New Megaupload Will Change the World - kachnuv_ocasek
https://torrentfreak.com/new-megaupload-will-be-massive-global-network-to-change-the-world-120828/

======
hcarvalhoalves
As weird as Kim is, I truly wish him to be successful on this, just to shake
things up.

Nowadays there's a monopoly on culture, if you're not in USA you can't buy
software in AppStore, you can't listen to music on Spotify, you can't stream a
movie on Netflix. DRM is a load of bullshit, country restrictions idem, and
companies adopting it are in a comfortable position because while they have
the government enforcing it on them, they also have no real competitors
(torrent sites can't be considered competition - downloading a lot of stuff
with dubious quality is simply not a convenient way to consume media).

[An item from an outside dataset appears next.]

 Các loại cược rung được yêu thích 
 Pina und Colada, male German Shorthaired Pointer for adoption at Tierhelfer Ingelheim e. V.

How long would country restrictions and DRM last if there was a global, non-
restrictive and convenient source of content?

------
paulhauggis
I'm still not sure how illegally copying content that you do not own is
"changing the world".

Anyone with money can do what he is doing. I'm really not impressed.

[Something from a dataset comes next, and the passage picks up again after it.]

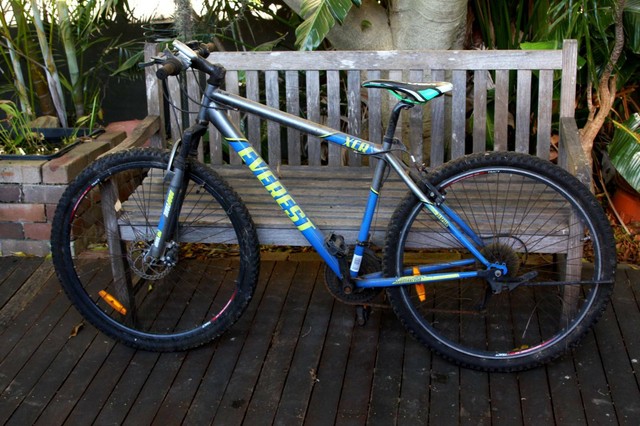 everest 29 xcr mountain bike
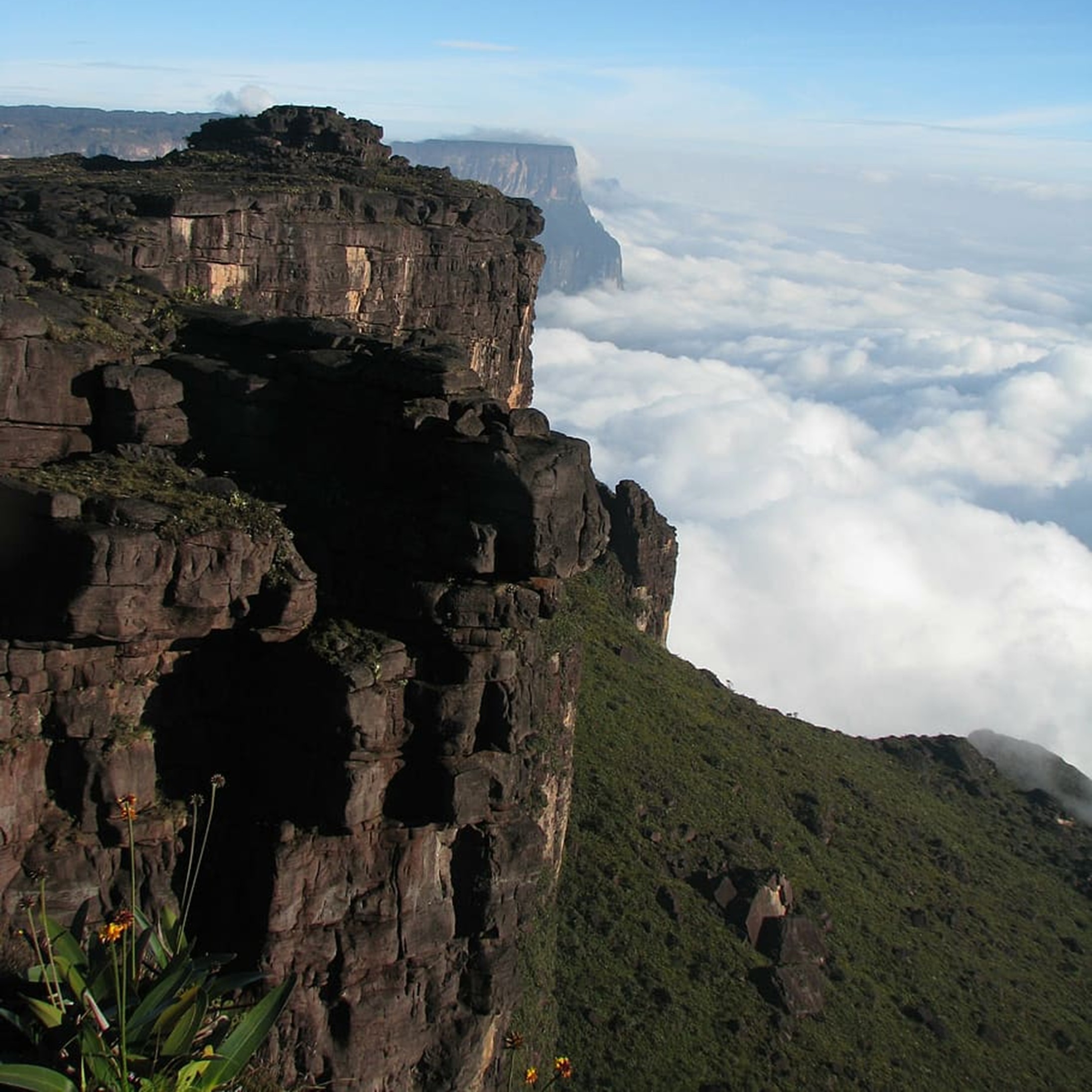 Canaima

Create your own content? Now you are changing the world.

------
vmialik
Being that Dot-com is an online entrepreneur starting a startup and ironically
this community is "hacker" news. I wonder how many of the HN members actually
support him here.

------
baggachipz
Besides apparently being written by a fifth grader, the article is as plump
with hyperbole as Mr. "Dotcom" himself.